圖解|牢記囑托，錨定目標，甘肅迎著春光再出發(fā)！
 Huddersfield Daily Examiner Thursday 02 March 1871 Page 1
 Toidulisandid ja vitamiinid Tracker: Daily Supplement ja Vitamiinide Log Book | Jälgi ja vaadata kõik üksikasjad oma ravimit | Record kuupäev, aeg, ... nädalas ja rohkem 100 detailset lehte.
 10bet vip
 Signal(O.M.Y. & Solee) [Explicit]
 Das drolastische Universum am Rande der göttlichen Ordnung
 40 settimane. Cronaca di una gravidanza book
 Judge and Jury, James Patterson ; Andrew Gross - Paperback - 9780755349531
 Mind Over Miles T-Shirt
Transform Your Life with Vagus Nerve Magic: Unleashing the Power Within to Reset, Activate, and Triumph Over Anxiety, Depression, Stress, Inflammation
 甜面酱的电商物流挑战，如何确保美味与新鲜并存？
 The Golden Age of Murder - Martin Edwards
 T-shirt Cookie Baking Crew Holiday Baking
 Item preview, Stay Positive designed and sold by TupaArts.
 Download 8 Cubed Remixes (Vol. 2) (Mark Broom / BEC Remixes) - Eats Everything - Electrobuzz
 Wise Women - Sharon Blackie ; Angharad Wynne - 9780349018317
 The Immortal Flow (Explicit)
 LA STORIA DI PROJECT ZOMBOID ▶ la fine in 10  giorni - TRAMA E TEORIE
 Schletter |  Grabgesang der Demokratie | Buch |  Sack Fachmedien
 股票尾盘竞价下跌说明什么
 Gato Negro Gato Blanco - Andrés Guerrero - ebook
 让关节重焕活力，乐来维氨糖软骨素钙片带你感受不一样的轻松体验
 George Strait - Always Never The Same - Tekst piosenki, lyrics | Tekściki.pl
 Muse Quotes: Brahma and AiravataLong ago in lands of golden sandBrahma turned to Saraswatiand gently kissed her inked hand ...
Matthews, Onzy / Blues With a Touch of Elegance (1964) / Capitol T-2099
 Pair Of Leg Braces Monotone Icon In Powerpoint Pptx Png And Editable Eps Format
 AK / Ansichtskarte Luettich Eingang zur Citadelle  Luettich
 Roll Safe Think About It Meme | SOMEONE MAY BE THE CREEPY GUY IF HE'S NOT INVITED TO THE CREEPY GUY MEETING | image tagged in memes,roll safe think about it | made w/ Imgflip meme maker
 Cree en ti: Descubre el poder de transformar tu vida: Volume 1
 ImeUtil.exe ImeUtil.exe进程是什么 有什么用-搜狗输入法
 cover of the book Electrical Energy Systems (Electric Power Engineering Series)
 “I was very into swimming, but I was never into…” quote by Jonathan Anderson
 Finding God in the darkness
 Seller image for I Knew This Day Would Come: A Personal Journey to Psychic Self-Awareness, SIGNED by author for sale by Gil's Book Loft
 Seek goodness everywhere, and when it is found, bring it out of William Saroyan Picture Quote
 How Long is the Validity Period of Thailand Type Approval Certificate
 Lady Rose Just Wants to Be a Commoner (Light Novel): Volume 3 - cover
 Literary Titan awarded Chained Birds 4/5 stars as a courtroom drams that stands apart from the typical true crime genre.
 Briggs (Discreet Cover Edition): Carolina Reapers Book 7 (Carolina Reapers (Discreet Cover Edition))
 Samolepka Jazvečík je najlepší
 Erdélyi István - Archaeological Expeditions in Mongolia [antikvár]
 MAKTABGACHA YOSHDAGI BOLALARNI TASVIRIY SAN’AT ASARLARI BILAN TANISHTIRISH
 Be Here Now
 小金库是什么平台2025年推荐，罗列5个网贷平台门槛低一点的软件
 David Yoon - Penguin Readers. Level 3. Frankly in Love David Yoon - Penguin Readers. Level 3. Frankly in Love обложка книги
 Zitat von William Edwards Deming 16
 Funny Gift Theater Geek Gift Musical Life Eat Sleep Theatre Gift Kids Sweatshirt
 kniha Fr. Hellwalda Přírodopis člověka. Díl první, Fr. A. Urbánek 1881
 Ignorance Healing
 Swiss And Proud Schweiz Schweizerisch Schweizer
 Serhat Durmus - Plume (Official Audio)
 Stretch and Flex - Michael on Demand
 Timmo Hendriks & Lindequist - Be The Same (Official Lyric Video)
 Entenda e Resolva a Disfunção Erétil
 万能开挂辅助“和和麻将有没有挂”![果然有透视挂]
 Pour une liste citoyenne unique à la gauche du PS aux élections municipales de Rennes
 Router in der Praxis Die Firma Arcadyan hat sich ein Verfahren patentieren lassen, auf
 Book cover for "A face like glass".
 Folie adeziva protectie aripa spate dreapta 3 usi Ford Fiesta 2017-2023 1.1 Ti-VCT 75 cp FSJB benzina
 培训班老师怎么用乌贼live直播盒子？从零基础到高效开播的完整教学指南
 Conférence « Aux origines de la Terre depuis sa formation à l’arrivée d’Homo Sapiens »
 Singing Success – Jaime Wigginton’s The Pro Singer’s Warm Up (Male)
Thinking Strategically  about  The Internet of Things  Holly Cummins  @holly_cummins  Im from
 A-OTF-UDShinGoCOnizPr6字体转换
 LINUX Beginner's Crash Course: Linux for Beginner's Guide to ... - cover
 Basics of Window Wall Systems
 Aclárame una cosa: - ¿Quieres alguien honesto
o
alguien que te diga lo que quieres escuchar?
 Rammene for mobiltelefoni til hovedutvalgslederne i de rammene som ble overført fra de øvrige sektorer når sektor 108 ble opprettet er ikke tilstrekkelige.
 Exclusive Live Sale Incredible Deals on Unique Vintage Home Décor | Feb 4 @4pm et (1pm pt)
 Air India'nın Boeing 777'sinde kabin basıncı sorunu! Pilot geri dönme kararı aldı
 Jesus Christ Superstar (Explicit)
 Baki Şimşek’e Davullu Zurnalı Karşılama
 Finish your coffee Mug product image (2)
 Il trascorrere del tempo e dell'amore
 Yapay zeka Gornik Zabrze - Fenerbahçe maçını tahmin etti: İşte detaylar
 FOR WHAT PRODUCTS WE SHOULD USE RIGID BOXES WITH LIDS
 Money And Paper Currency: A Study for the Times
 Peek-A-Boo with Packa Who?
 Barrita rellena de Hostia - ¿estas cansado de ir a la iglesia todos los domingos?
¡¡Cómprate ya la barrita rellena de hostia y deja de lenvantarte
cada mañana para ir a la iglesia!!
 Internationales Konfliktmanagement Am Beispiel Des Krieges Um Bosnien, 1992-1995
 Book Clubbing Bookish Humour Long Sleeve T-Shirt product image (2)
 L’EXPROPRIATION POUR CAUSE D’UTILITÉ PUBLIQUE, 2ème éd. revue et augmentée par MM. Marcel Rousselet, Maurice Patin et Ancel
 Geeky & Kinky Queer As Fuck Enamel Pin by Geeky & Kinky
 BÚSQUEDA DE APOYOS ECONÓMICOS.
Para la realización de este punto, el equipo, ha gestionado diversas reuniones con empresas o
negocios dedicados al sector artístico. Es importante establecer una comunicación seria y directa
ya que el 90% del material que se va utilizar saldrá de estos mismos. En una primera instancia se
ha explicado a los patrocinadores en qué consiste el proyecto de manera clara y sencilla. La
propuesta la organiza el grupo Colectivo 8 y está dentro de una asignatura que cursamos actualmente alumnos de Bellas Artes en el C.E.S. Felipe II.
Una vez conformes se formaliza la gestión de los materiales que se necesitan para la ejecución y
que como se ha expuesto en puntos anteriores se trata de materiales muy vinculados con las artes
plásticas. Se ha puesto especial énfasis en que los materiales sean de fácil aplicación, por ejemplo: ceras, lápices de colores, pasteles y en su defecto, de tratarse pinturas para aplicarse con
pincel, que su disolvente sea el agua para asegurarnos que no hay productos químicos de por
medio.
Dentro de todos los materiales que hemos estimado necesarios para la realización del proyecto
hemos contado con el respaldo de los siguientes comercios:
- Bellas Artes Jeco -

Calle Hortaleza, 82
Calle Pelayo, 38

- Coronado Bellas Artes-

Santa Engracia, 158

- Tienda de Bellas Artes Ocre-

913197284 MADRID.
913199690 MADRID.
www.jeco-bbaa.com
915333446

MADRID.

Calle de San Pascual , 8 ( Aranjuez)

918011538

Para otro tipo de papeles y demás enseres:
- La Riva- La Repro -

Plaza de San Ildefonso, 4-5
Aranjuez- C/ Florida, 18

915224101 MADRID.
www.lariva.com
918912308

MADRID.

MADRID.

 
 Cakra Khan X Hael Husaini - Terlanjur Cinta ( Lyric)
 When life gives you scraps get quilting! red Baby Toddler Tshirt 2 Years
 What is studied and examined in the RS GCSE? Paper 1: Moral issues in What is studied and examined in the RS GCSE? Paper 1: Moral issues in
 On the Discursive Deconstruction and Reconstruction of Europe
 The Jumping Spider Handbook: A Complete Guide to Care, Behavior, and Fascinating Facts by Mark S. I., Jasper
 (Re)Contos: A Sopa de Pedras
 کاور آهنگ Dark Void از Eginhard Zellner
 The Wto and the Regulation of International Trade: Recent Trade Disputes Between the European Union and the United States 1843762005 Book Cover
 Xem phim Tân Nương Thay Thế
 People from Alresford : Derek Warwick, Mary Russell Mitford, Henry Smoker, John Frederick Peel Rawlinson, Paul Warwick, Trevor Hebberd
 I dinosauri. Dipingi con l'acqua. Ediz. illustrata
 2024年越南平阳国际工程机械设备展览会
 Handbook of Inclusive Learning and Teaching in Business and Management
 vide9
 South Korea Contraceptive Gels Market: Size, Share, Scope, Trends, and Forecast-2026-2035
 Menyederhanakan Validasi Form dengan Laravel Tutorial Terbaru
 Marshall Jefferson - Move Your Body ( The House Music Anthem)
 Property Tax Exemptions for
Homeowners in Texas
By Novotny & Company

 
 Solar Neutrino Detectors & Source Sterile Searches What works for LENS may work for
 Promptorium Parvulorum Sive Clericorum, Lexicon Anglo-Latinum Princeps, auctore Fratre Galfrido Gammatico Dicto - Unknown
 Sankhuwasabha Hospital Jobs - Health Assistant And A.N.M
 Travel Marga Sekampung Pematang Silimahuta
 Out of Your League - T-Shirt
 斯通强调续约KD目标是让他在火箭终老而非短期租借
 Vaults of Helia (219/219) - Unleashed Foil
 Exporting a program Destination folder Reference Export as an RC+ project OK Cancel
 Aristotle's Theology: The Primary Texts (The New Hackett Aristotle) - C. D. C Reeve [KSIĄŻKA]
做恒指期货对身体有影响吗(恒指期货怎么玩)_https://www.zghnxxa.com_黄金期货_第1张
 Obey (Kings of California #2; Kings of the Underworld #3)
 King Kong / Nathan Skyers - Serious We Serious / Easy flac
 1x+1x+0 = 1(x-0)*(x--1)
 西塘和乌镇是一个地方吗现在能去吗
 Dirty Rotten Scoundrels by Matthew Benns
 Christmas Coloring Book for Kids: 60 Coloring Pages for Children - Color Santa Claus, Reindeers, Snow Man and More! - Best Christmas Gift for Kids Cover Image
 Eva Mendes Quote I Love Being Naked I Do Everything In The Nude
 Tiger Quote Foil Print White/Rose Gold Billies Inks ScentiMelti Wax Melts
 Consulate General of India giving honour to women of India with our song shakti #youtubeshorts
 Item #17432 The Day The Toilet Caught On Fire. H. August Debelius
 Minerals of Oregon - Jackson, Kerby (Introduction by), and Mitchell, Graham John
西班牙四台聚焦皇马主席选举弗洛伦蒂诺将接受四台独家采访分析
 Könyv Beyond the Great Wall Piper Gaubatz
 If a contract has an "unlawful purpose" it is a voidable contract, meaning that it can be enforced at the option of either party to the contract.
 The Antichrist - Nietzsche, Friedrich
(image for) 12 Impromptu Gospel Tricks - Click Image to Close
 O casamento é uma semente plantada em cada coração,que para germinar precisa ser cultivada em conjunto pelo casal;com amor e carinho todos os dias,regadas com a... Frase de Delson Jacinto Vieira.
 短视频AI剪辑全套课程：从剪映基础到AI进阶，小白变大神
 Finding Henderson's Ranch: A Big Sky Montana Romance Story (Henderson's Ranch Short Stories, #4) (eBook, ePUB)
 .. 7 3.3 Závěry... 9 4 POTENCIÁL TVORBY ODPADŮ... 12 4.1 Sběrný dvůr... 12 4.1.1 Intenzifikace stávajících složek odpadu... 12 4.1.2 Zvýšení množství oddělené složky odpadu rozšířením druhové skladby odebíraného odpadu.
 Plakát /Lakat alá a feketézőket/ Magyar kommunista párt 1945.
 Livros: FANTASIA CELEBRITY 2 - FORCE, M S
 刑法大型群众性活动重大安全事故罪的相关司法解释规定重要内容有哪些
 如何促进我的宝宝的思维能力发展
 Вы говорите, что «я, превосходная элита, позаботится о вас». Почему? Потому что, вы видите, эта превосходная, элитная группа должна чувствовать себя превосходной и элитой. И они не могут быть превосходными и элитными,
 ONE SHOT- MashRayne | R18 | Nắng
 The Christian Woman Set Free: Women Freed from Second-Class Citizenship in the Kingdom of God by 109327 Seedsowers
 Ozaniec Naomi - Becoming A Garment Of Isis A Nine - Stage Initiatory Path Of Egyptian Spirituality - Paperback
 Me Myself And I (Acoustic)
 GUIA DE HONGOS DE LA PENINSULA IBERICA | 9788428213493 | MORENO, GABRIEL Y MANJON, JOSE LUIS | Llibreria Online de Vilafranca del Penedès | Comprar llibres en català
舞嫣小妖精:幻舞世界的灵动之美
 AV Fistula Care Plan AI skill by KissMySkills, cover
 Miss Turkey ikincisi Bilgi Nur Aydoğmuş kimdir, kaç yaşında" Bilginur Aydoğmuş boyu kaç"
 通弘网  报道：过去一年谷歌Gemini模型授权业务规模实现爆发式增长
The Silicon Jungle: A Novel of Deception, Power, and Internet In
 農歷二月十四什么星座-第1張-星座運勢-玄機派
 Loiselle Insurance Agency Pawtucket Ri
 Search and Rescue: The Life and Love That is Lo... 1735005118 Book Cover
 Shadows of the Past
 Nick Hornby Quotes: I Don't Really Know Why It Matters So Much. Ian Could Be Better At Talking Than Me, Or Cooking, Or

#### EXERCISE
Look through the records above for the string "Explicit", then copy every line that has it.

#### TASK SOLUTION
 Signal(O.M.Y. & Solee) [Explicit]
 The Immortal Flow (Explicit)
 Jesus Christ Superstar (Explicit)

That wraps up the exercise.